WHAT THE EXERCISE ASKS:
Set down, word for word, each line from the top of the data through the line that has "It looks very"; omit every picture.

___ EXERCISE DATA ___

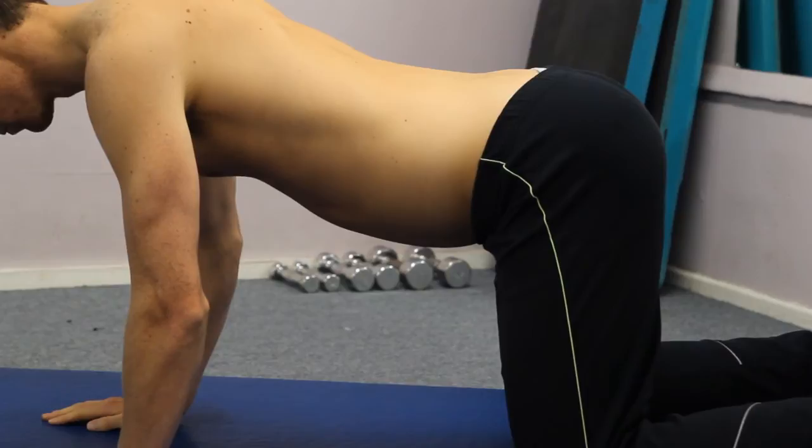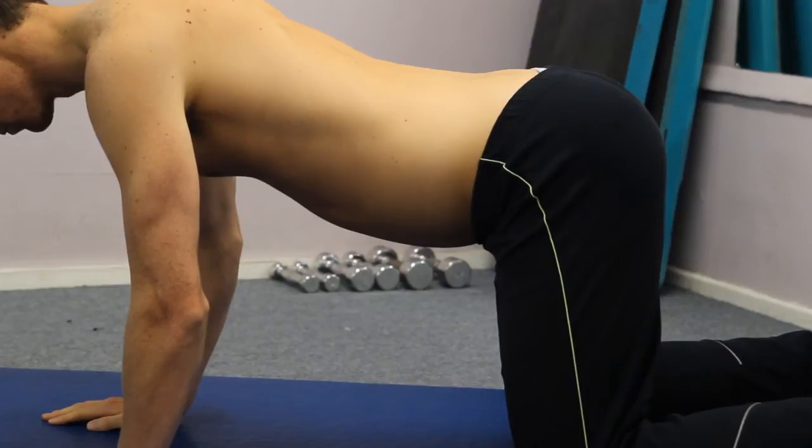From here you want to inhale, taking a deep diaphragmatic breath pushing your belly button down towards the mat. Then exhale as we draw the belly button in towards the spine and hold for up to 10 seconds. Perform for the desired amount of repetitions and sets.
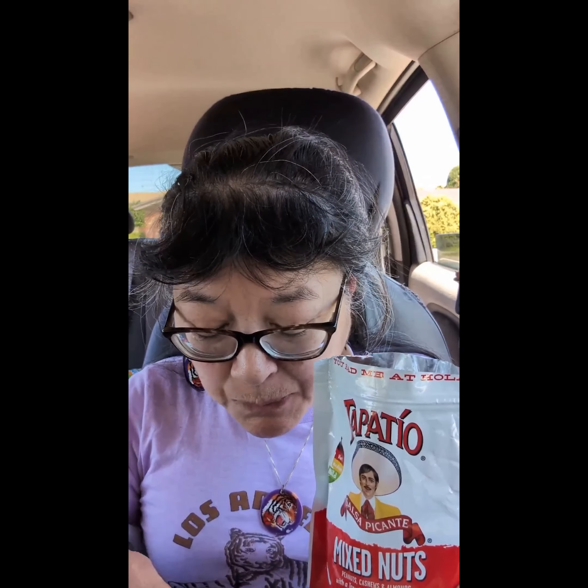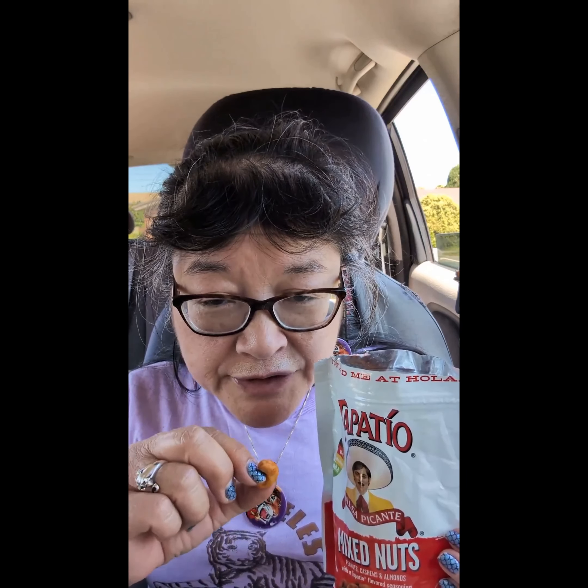Here's an almond. You can see the seasoning on there. The almonds are nice and crunchy. They do have a little bit of spice that you can taste. It is supposed to be mild spice level.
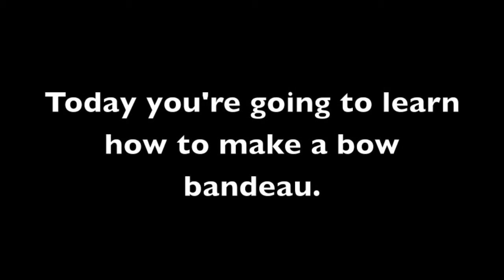Hey y'all! In this video today you are going to learn how to make a beautiful and simple faux bandeau. All you'll need are some scissors or a fabric cutter, half a yard of whatever fabric you want to use, some fabric glue, and a sewing machine, and then you will be good!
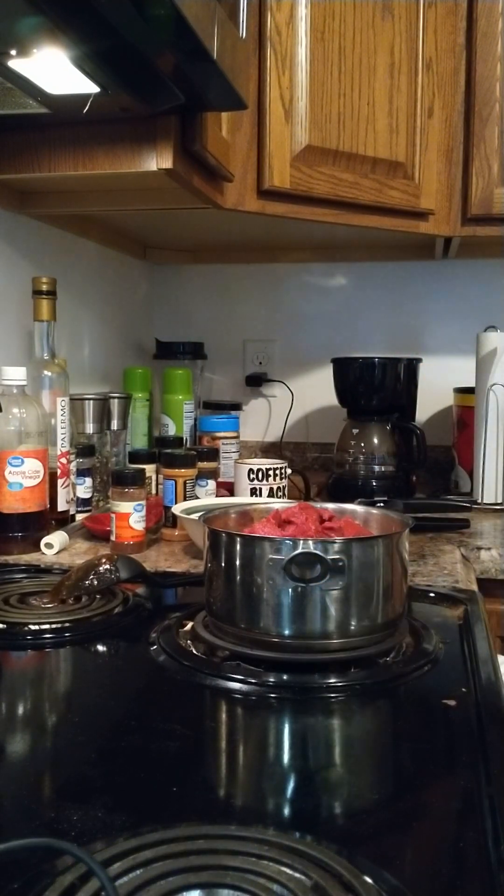Now all I've got to do is mix it up and just kind of let it slow cook for a little while while I'm on the tablet. I'll have dinner in about ten minutes or so. I need some water.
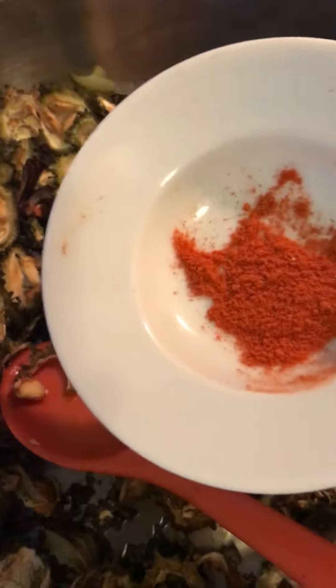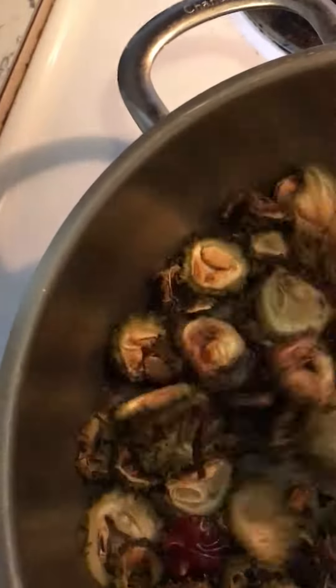Give it a stir. Now add in half a teaspoon of paprika and half a teaspoon of turmeric powder, and salt as per taste. Stir it nice and fine.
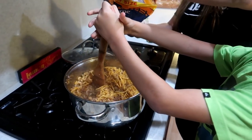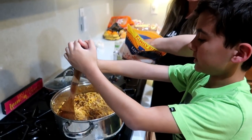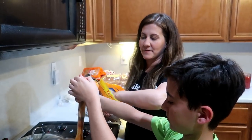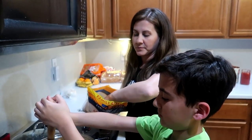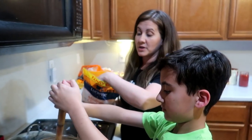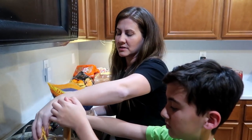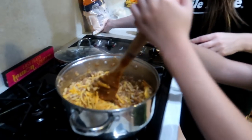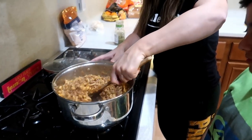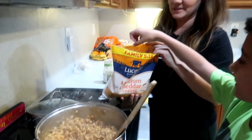It looks very similar to the goulash but it's going to taste totally different — more of a tomatoey flavor. What's different from the goulash is we don't do the salsa verde, don't do onions... actually the only thing that's the same is the beef broth. Look at that, it's going to be nice and cheesy — it's a cheeseburger pasta! Surprising it didn't call for salt; you could add some.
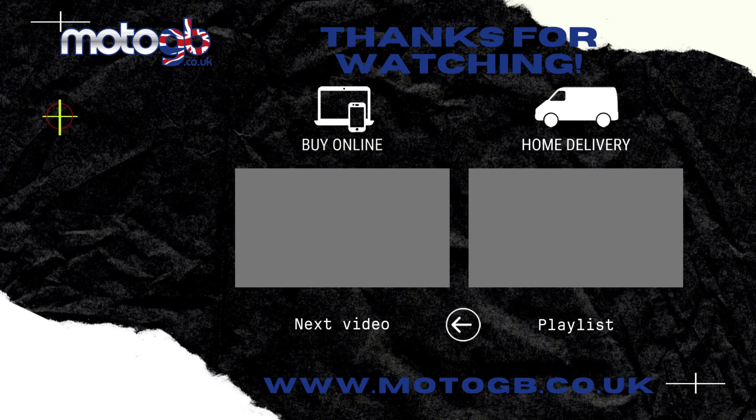Braking wise on the front, we have a drilled 210mm disc with a three-piston caliper. And over on the rear, we find a 190mm disc with a single-piston caliper. Lighting and visibility on the TNT is on point, thanks to this typically Italian and bonkers quad LED projector headlamp. The rear taillight and front and rear indicators are also LED.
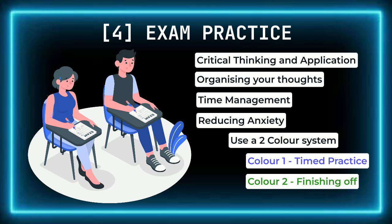Over time, you'll develop a clear strategy for each question type, know exactly how to pace yourself, and approach the exam with confidence. The more practice you get, the better prepared you'll feel on the day, transforming your hard work into top results.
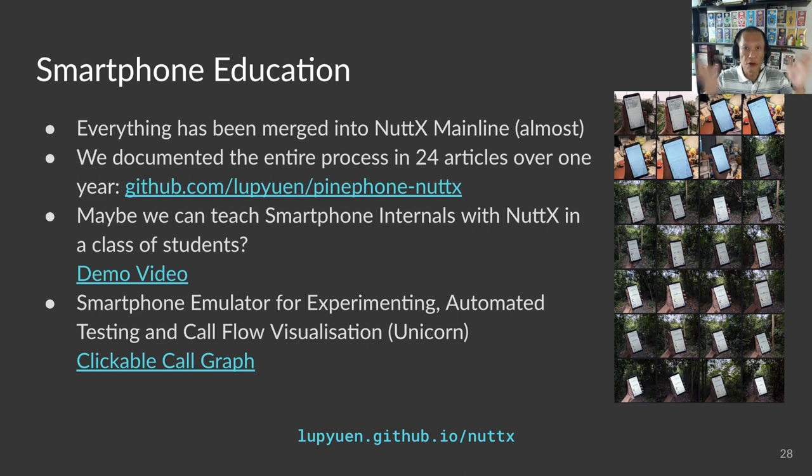Imagine a classroom of students learning about smartphone internals by booting NuttX on a phone. Are we ready to teach NuttX in schools? The code we have seen today is already available in the NuttX mainline repository — open source, free to access on GitHub — contributed by the fantastic NuttX community. To teach NuttX in a classroom we need textbooks. We have a huge stack of 24 articles written over the past year, covering all the topics discussed today: touchscreen, smartphone apps, Zig programming, LTE modem, sensors, USB, and even a step-by-step guide for submitting a pull request for NuttX.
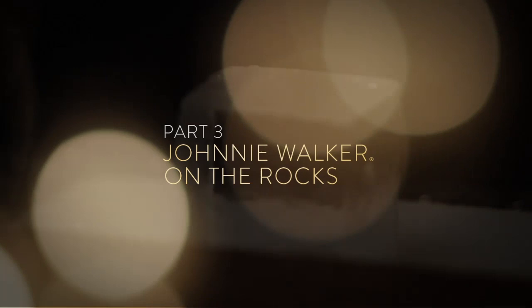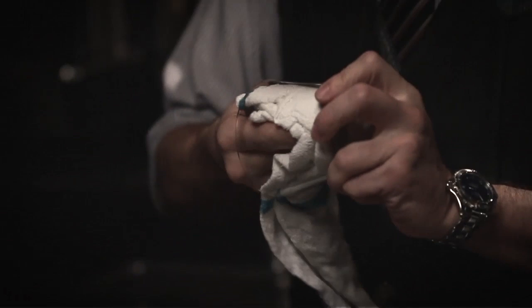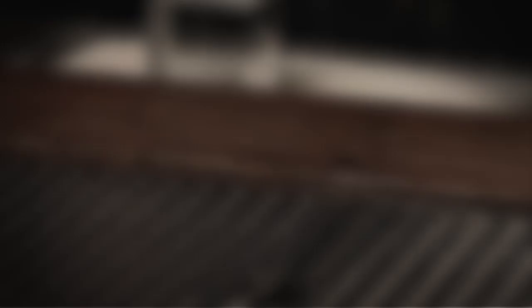Water will change the profile of a spirit or a cocktail — that's a given. So what we're trying to specifically control is the temperature and the water content of every single drink that goes over our bar.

___

YOUR RESPONSE:
From here you want to inhale, taking a deep diaphragmatic breath pushing your belly button down towards the mat. Then exhale as we draw the belly button in towards the spine and hold for up to 10 seconds. Perform for the desired amount of repetitions and sets.
Here's an almond. You can see the seasoning on there. The almonds are nice and crunchy. They do have a little bit of spice that you can taste. It is supposed to be mild spice level.
Hey y'all! In this video today you are going to learn how to make a beautiful and simple faux bandeau. All you'll need are some scissors or a fabric cutter, half a yard of whatever fabric you want to use, some fabric glue, and a sewing machine, and then you will be good!
Now all I've got to do is mix it up and just kind of let it slow cook for a little while while I'm on the tablet. I'll have dinner in about ten minutes or so. I need some water.
Give it a stir. Now add in half a teaspoon of paprika and half a teaspoon of turmeric powder, and salt as per taste. Stir it nice and fine.
It looks very similar to the goulash but it's going to taste totally different — more of a tomatoey flavor. What's different from the goulash is we don't do the salsa verde, don't do onions... actually the only thing that's the same is the beef broth. Look at that, it's going to be nice and cheesy — it's a cheeseburger pasta! Surprising it didn't call for salt; you could add some.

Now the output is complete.